22 Ekim 2011 Cumartesi

007

Bir gün bu odadan arkama bakmaksızın çıkıp, bir daha da geri dönmeyeceğim. Hiçbir şeye dokunmayacağım. Öylece yerli yerinde kalacak her şey. Kitaplarım, filmlerim, özenle listelediğim şarkı listelerim, kalemlerim, yazdıklarım, her biri bir anın sembolü olan biblolar, yansımaları bana taşıyan aynalar… Ama durun, aynaların sağlam kalacağı garantisini vermiyorum, veremiyorum. İnsan bir yerden dönmemek üzere çıkıp giderken bir şeyleri kırmalı değil mi? Kırılmaya müsait aklıma gelen ilk şey aynalar oldu. Nedir bu aynalardan alıp veremediği insanın. Ama bir iz bırakmalı mutlaka, birilerinin bir gün anımsayacağı bir iz!

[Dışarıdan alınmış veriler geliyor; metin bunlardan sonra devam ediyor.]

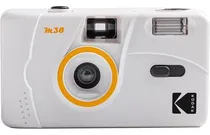 Comprar Cámara de cine Kodak M38 de 35 mm con flash (blanca)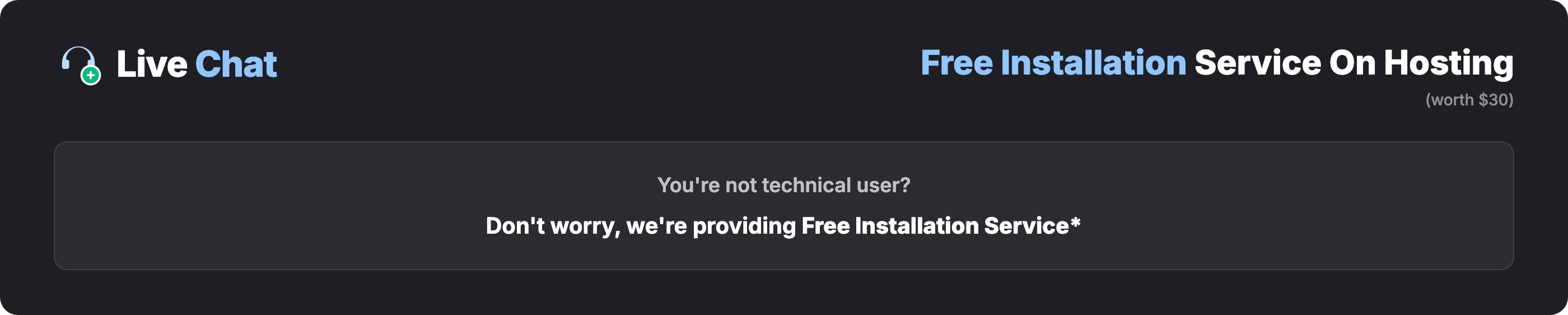 Free installation service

Aklım takvimlerden de uzağını görüyor şu günler. Sürekli bir gelecek muhasebesi yapıyor olmak insanı epey bir boğuyor anlayacağınız. Tepkilerim büyüyor, hırçınlığım kontrol edilemez noktalarda. Bir şeylerin canını alasım var, bu neden ben olmayayım diye düşünüyorum. Hızla köreliyorum. Bu körelmenin sonucunda bozulan sinirlerime hakim olamamak beni korkutuyor. Hiç olmadık birilerine de patlamak var. Patlamak ve can yakmak. Ama hayatım boyunca haksız davranmak istemedim kimseye, haksızlık etmek istemem yine. Giderayak birilerine bulaşmak ve bulaştığım şeyi de kendimle beraber taşımak sonsuzluğa.

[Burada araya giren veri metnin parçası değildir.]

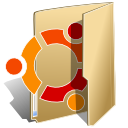 Folder, Ubuntu BurlyWood icon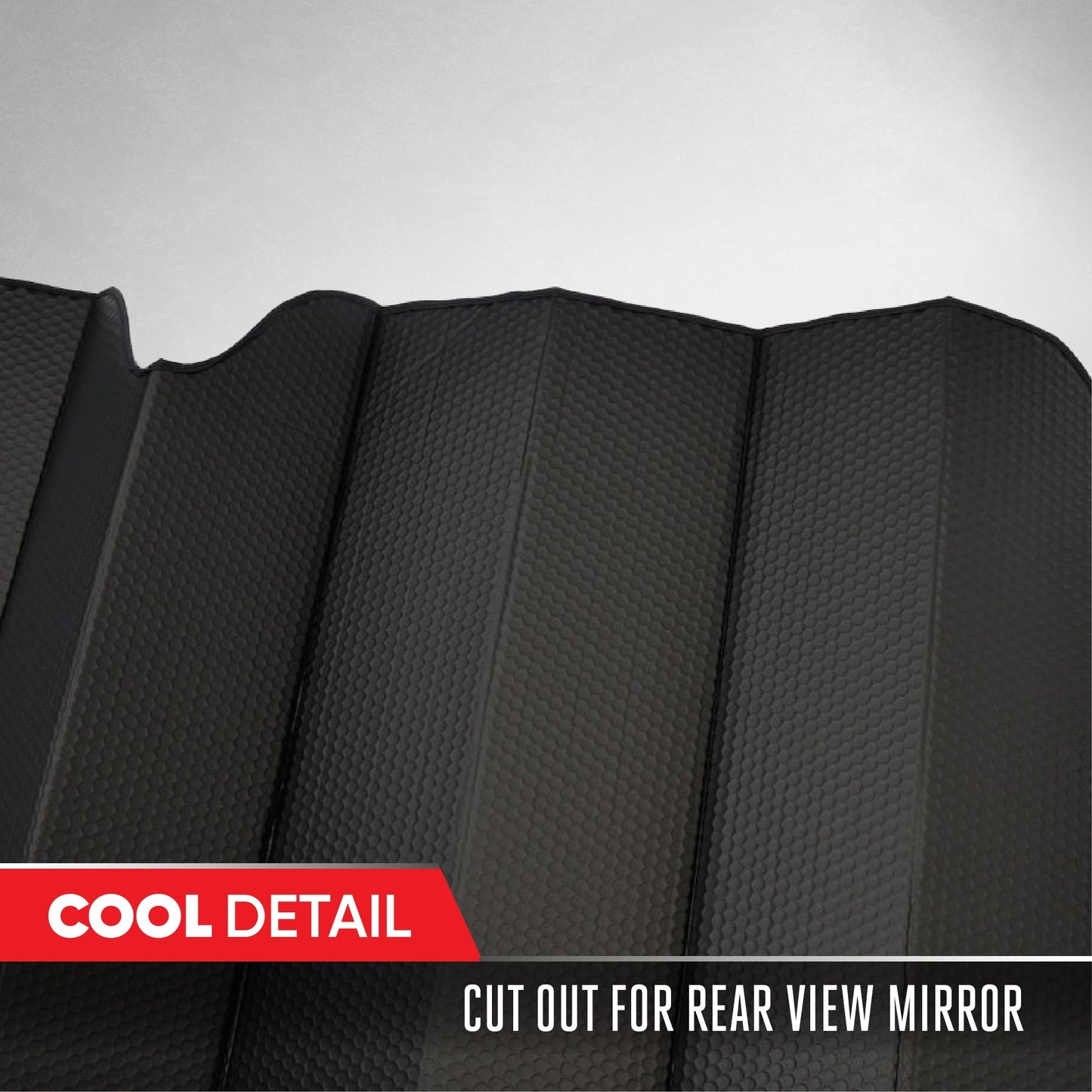 Motor Trend Windshield Sunshade for Car Truck & SUV, Black - Folding Car Sun Shade for Front Window, Auto Sun Visor Heat Protection, Car Sunscreen Blocks UV Rays and Keeps Vehicle Cool (58 x 24 Inch)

Bir bir uzaklaşıyorum şimdi her şeyden ve herkesten. Bir koruma iç güdüsü olmalı bu. Bundan yanıtsız bırakıyorum bir çoğunuzu, ağır ağır çekiliyorum sahneden. Kim bilir bu çekilişi sizler nasıl değerlendiriyor, ne gibi anlamlar veriyorsunuz. Ama son sahnede bunun neden yapıldığını birkaçınızın rahatlıkla anlayabileceğini biliyorum. Çok şey yaşadık sizlerle, çok emeğimiz geçti birbirimize. Bunu anlamanız zor olmasa gerek.

Kendime yetmiyorum!

Kendime.

Kendi.

Önlem alma zamanını geçirmiş her insan gibi, sürekli geçmişe dönüyor olmak, orada bir ipucu bulacağımı sanmak korkunç komik biliyorum. Her kitap bir kez yazılır, her film bir kez çevrilir. Seyrettiğiniz bir filmi başa alıp, anlayamadığınız yerleri tekrar izleyip anlama şansınız vardır, ancak olayların seyrine müdahale edemezsiniz. O film hoşunuza gitmese de, aynı finalle sonlanır.

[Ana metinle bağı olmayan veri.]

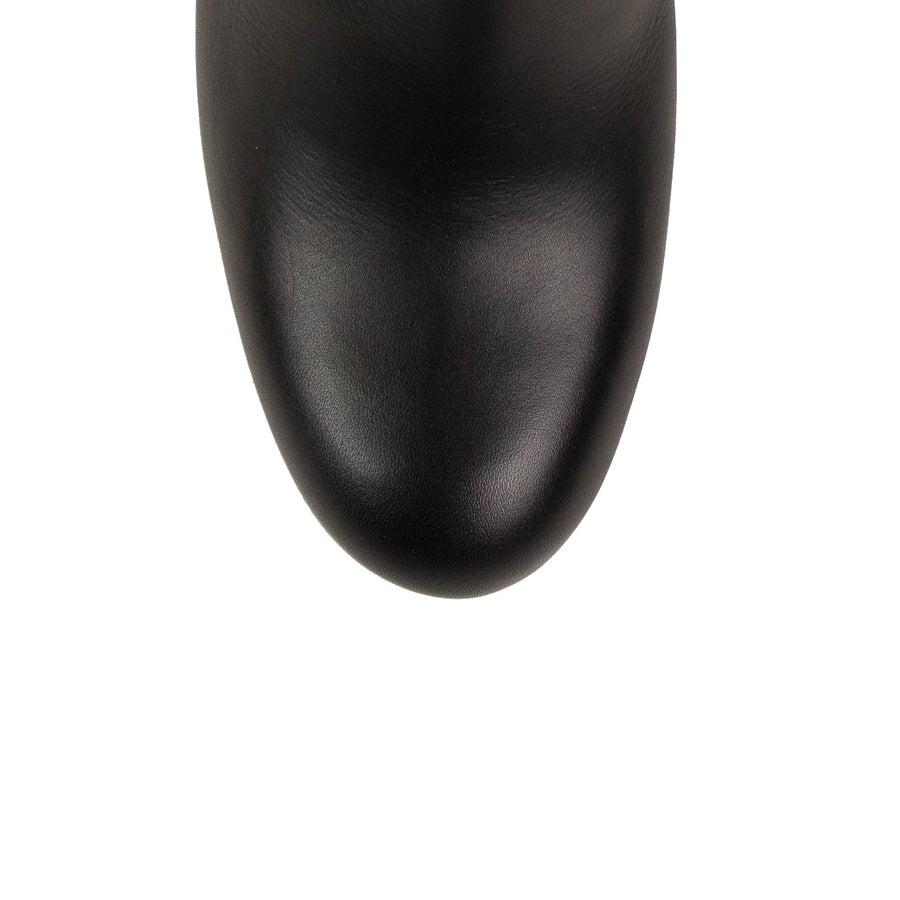 'Suzi Folk' 85mm Boots Heels - Black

Peki ne yapmalı? Bu gece arkamdaki duvara asılı duran aynayı kırarak mı başlamalıyım adımlarımı hızlandırmaya. Yoksa tahtadan adama mı sarmalıyım? İçimde biriken isimsiz kaybedişlere bir faydası yok bunun biliyorum.

Dur diyorum.

Dur.

yirmi üç haziran gecesi… yorgun bir uykuya varmadan hemen öncesi.